Farm debt seems manageable, FCC head says

The agency holds close to a third of all farm debt in Canada

National farm debt could reach as high as $100 billion once all the figures for 2016 are in, but Mike Hoffort, CEO of Farm Credit Canada, says farmers are generally in a good financial situation.

“Canadian agriculture is strong and stable,” he told the annual meeting of the Canadian Federation of Agriculture. However, farmers need to keep their pencils sharp and continued diligence is required.

FCC holds more than $30 billion of that debt and the federal agency is faring well, he said.

“More than 99 per cent of our portfolio is in good standing,” Hoffert said.

He rated agriculture’s overall financial health as very good and said the opportunity for the sector “has never been greater.”

Farm debt has climbed in recent years but so has farm cash income which reached $59.4 billion in 2015 compared to $40 billion in 2007, he said. While farm income for 2016 will likely be just below $58 billion because of lower crop returns, this year’s numbers should at least match 2015 if not better that result, he said.

“Farm cash receipts have grown steadily during the last 10 years. Farm debt can’t be compared to consumer debt where incomes are stagnant.”

The farm debt-to-asset ratio has eased and “is in a healthy situation,” he said. Rising land values and higher costs for machinery and buildings are the main factor in the rising debt. “This is a very capital-intensive industry.” Farm asset value in 2015 was $561.1 billion compared to $267.4 billion in 2005.

The debt-to-asset ratio is healthy and liquidity remains strong, he said. In 2015, the debt-to-asset ratio on Canadian farms remained historically low at 15.5 per cent, compared to the previous five-year average of 15.9 per cent and the 15-year average of 16.7 per cent. A low debt-to-asset ratio is generally considered better for business, since it provides financial flexibility and lowers risk for producers.

Liquidity in terms of producers to meet short-term payments, and solvency – the proportion of total assets financed by debt – have remained consistently strong over the past five years, he said.

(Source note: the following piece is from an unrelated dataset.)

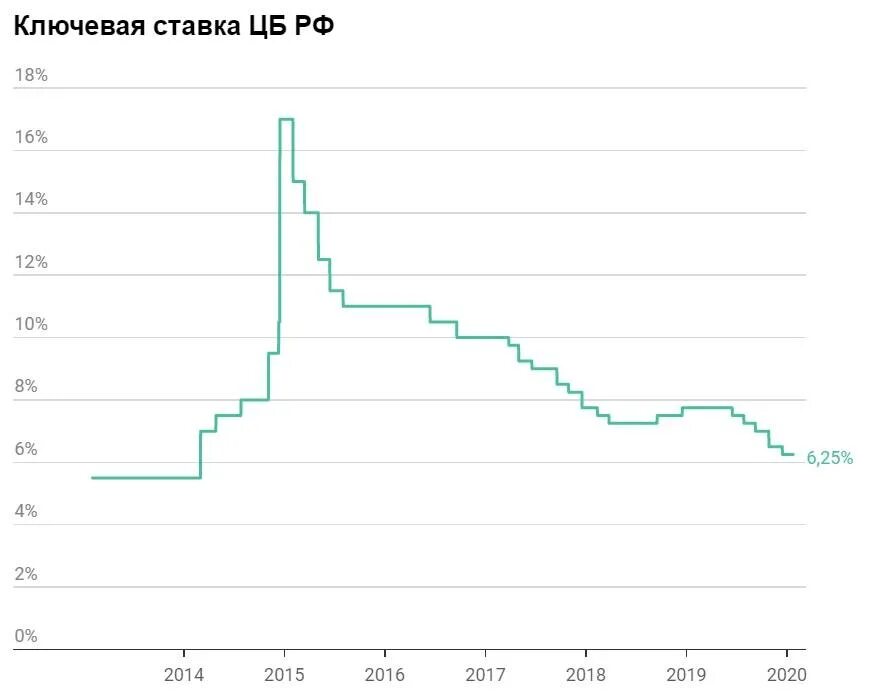 Ставка цб история. График ключевой ставки ЦБ РФ график. Ключевая ставка ЦБ РФ 2014. Ключевая ставка ЦБ РФ на графике. График ставки рефинансирования ЦБ РФ по годам.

Beyond the balance sheet, there are other positive signs for Canadian agriculture, he said. More than 12,000 young men and women are studying agriculture-related topics in post-secondary schools.

“Agriculture programs are among the fastest growing and there are more than 114,000 jobs available in the sector,” he said.

Canada is rated No. 1 globally in food safety performance, according to the Conference Board of Canada, he said. It’s third in agriculture sustainability.

“We have an amazing opportunity to make Canada an agriculture superpower,” he said referring to the growing world population expected to reach 9.5 billion in 2050. “The opportunity has never been greater; we need to dream bigger.

“In the next 40 years, humans will need to produce more food than they did in the previous 10,000 put together.”

Asked what FCC could do to assist young people who want to farm but don’t have land, Hoffort said there are no easy solutions. “We have to find innovative ways to assist people in that situation.”